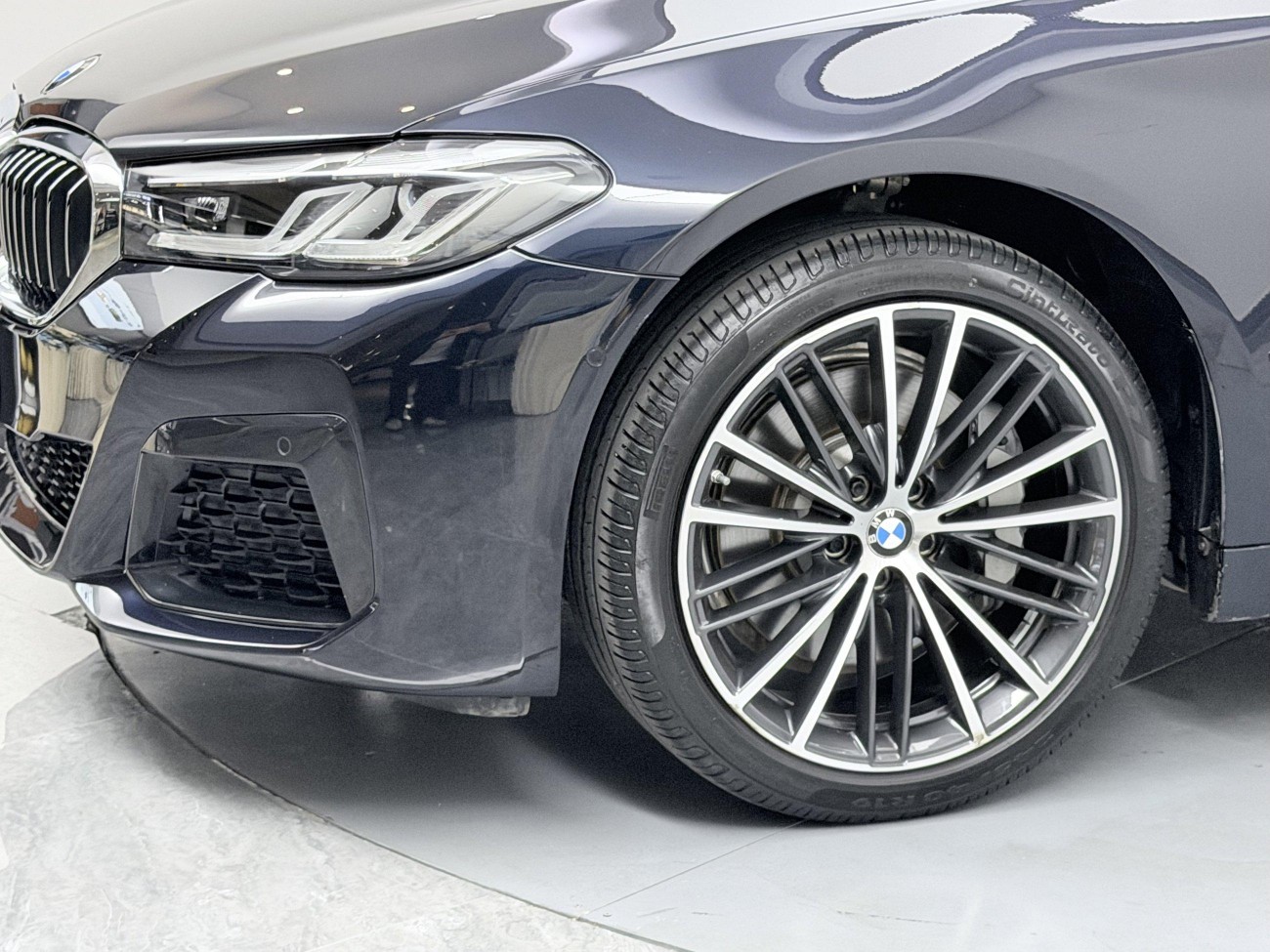 BMW 530Li 2022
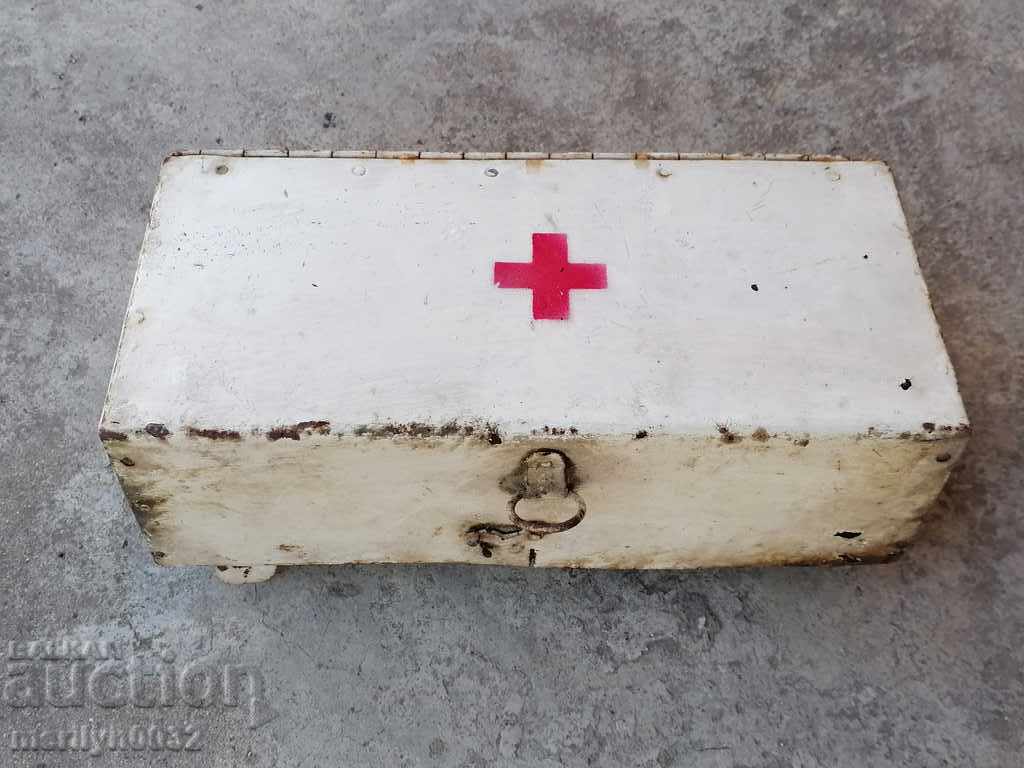 Παλιό μεταλλικό κουτί πρώτων βοηθειών για ένα παλιό αυτοκίνητο BCHK
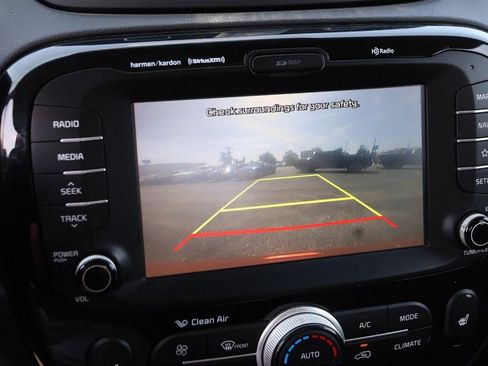 Used 2018 Kia Soul ! w/ Tech Package FWD image 15
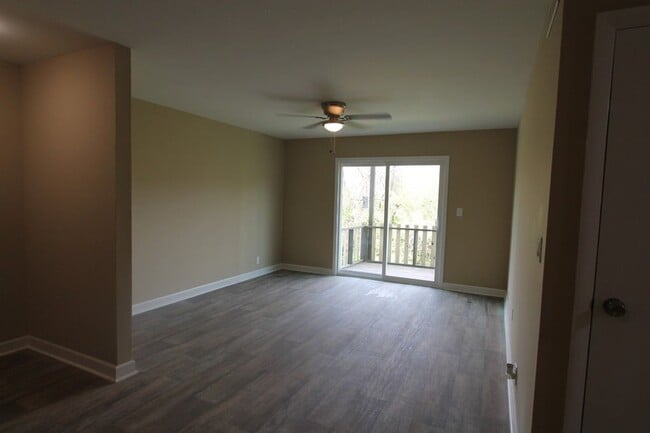 Photo - 320 Welch Rd Apartment Unit E6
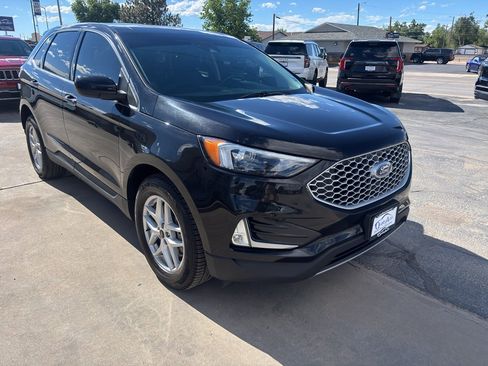 Used 2024 Ford Edge SEL w/ Convenience Package AWD/4WD image 4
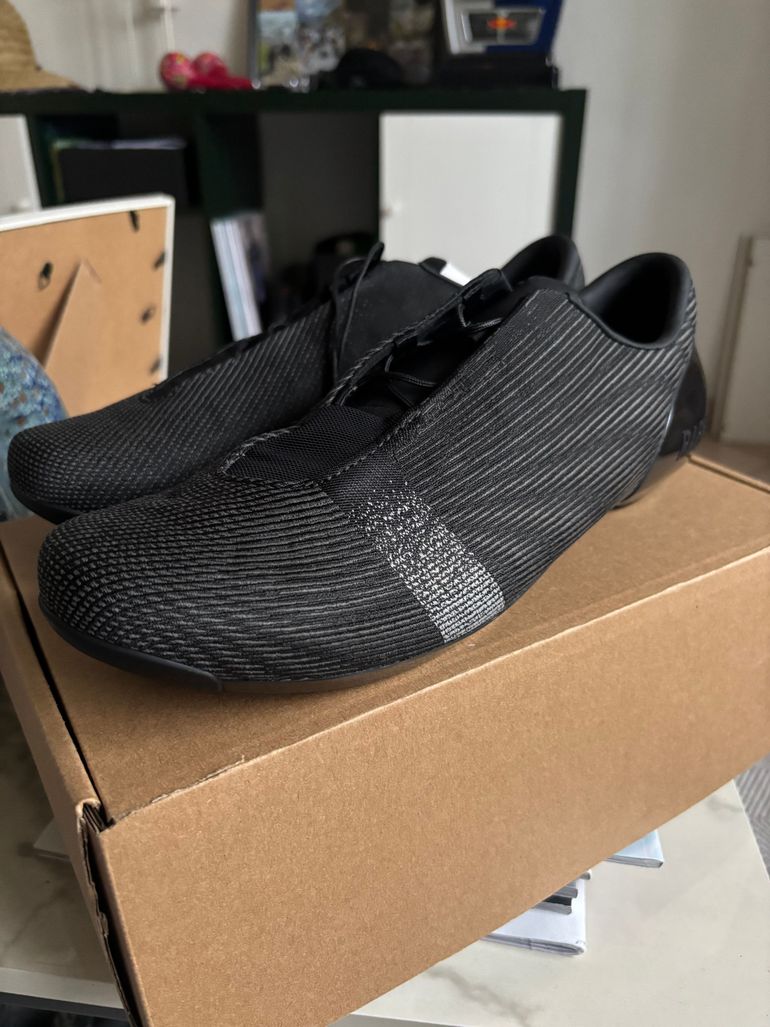 Used Rapha Pro Team Lace Up 43,5 2026 bike — image 2 of 3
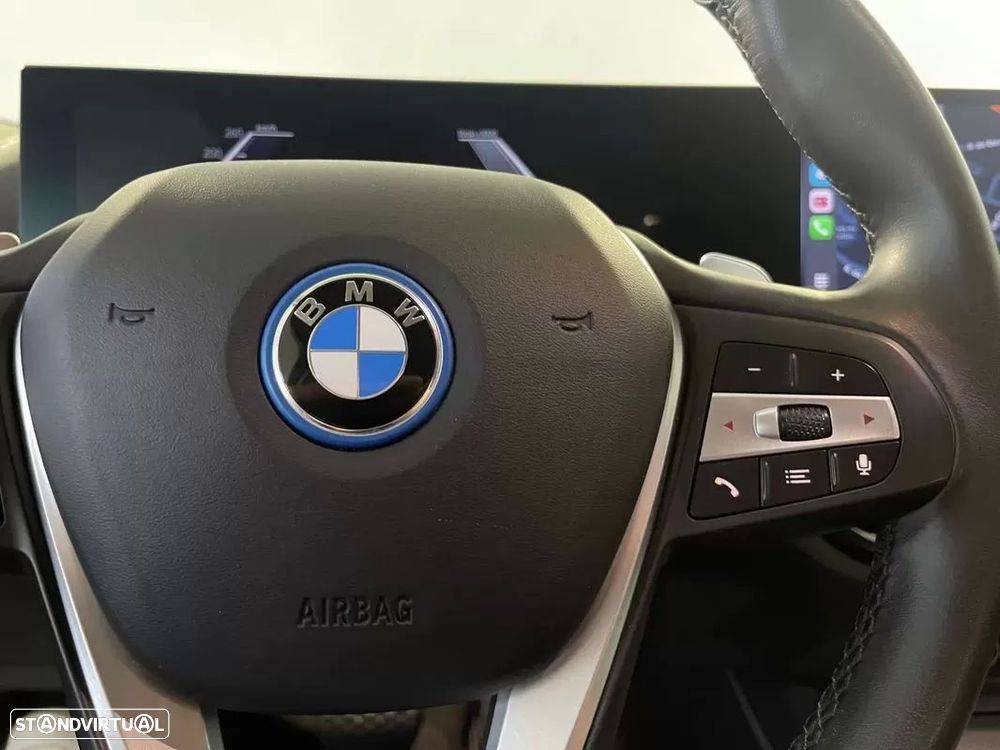 BMW 320 e Auto - 22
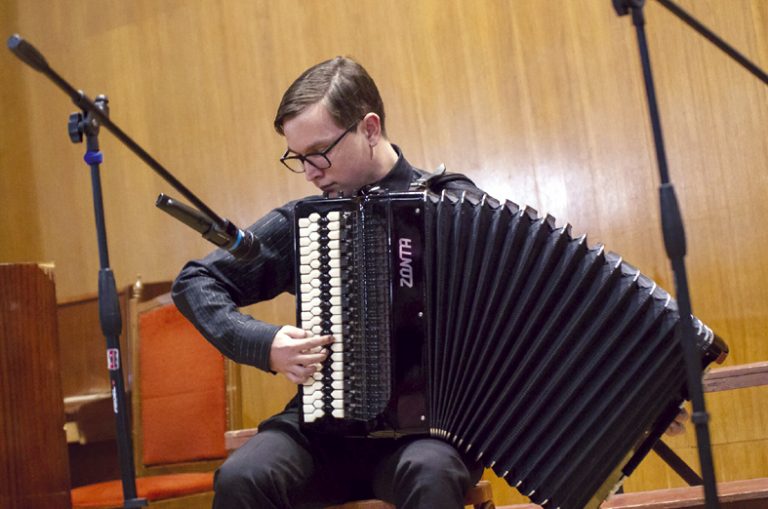 Възпитаници на СУ “Емилиян Станев” спечелиха призови места на акордеонен конкурс
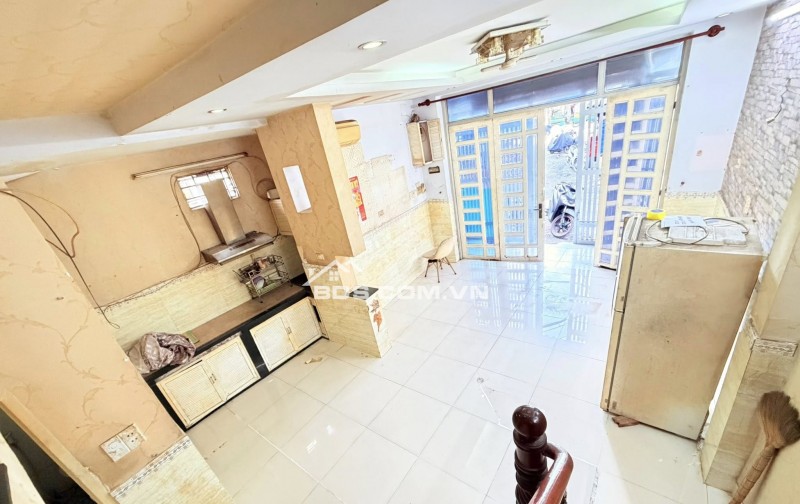 Bán nhà hẻm 8m Trần Văn Quang Tân Bình, 35m2 3 tầng nhỉnh 4 tỷ TL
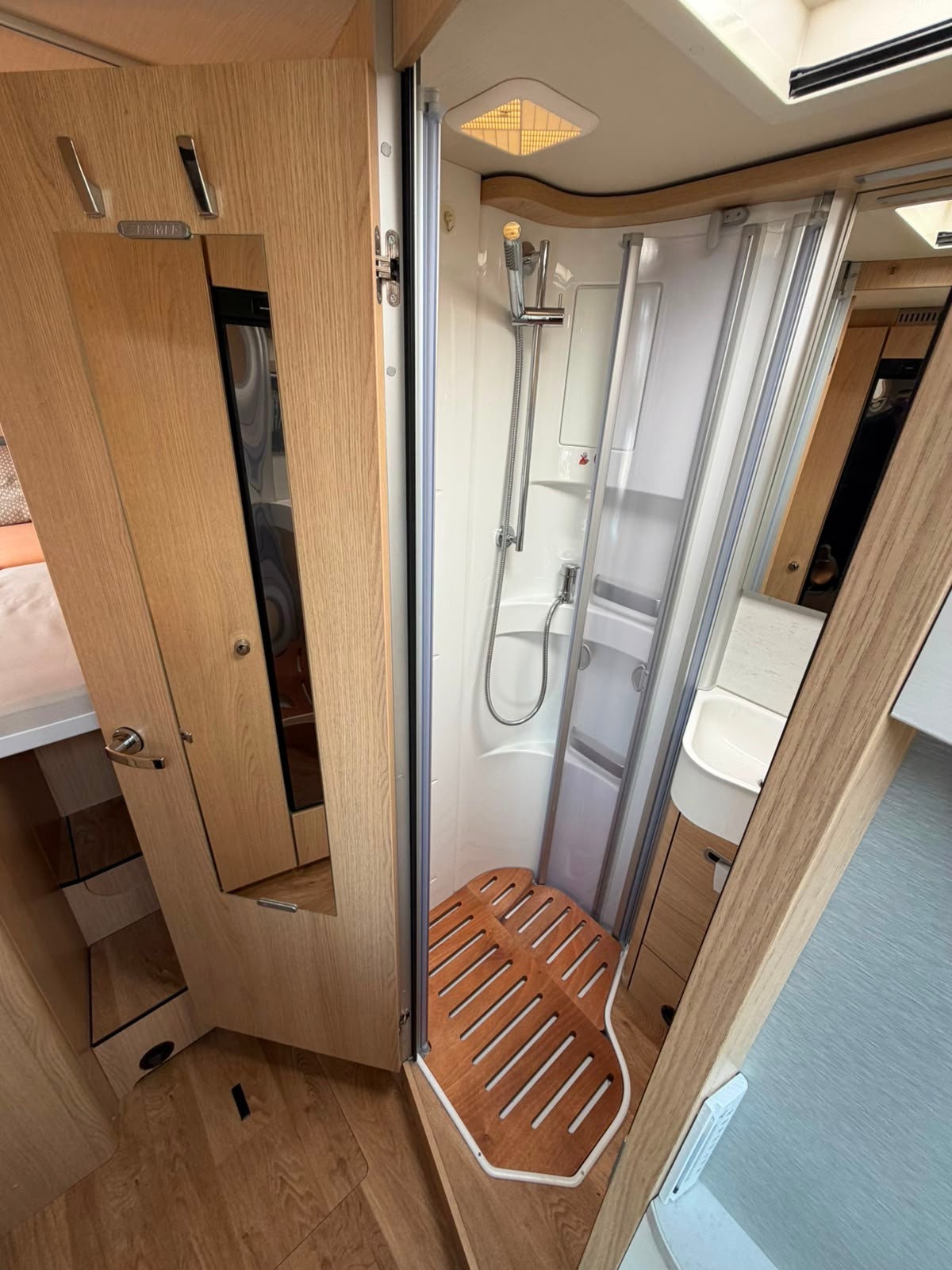MERCEDES-BENZ ***HYMER BMC 580MC***AUTOMAT 9G-TRONIC ***170PS***LÄNGSBETT***NEUWERTIGER-ZUSTAND***VOLL-LED-SCHEINWERFER***-image-14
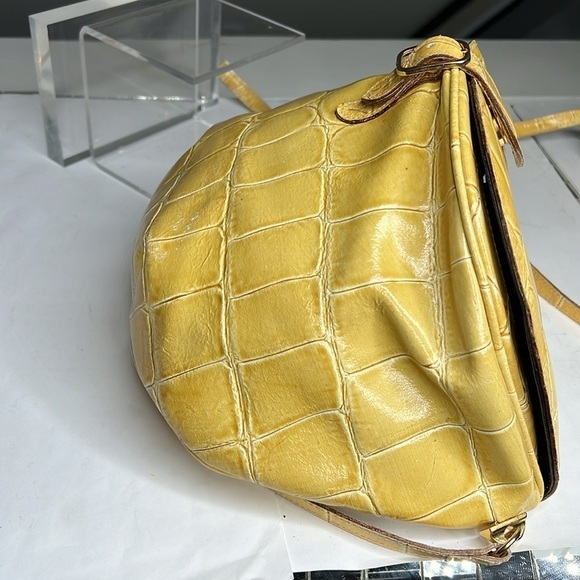 Meyers Croc Embossed Leather Mustard Yellow Crossbody Top Flap Feed Bag Purse - Picture 8 of 16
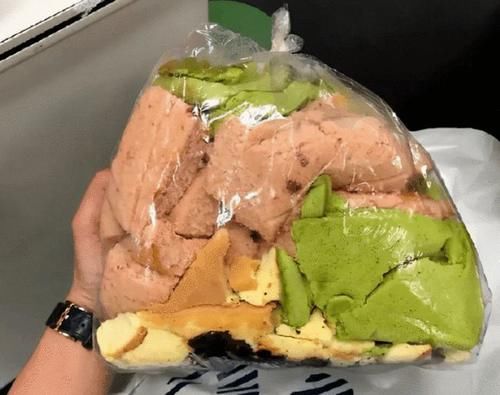 学生|家长买“蛋糕边角料”给孩子吃，引众人吐槽，节俭的父母养自卑娃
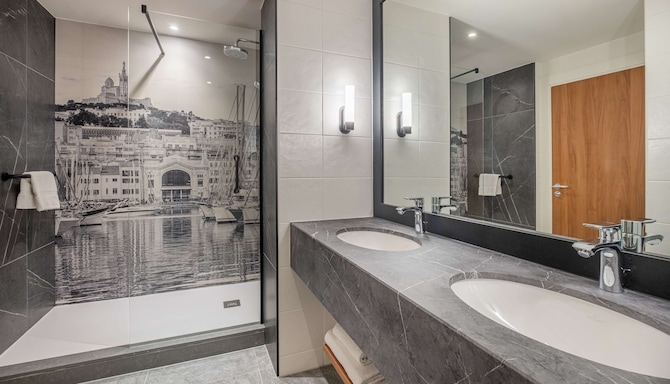 Radisson Blu Hotel, Marseille Vieux Port - Suite badekar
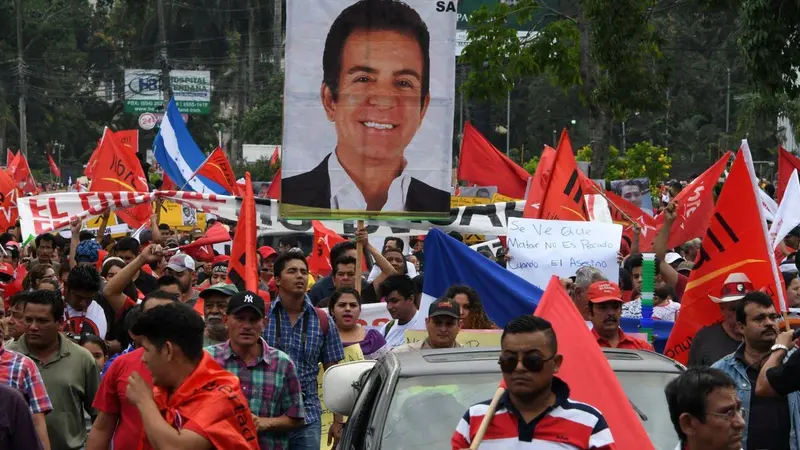 Demontsrasi di Honduras, Menuntut Hasil Pemilu (AFP Photo)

---------------

**What the task asks**
What do the entries above read from the line containing "Bán nhà hẻm" through the line containing "Radisson Blu Hotel, Marseille"? Output those lines exactly, both ends included, with the pictures left out.

**Task answer**
 Bán nhà hẻm 8m Trần Văn Quang Tân Bình, 35m2 3 tầng nhỉnh 4 tỷ TL
MERCEDES-BENZ ***HYMER BMC 580MC***AUTOMAT 9G-TRONIC ***170PS***LÄNGSBETT***NEUWERTIGER-ZUSTAND***VOLL-LED-SCHEINWERFER***-image-14
 Meyers Croc Embossed Leather Mustard Yellow Crossbody Top Flap Feed Bag Purse - Picture 8 of 16
 学生|家长买“蛋糕边角料”给孩子吃，引众人吐槽，节俭的父母养自卑娃
 Radisson Blu Hotel, Marseille Vieux Port - Suite badekar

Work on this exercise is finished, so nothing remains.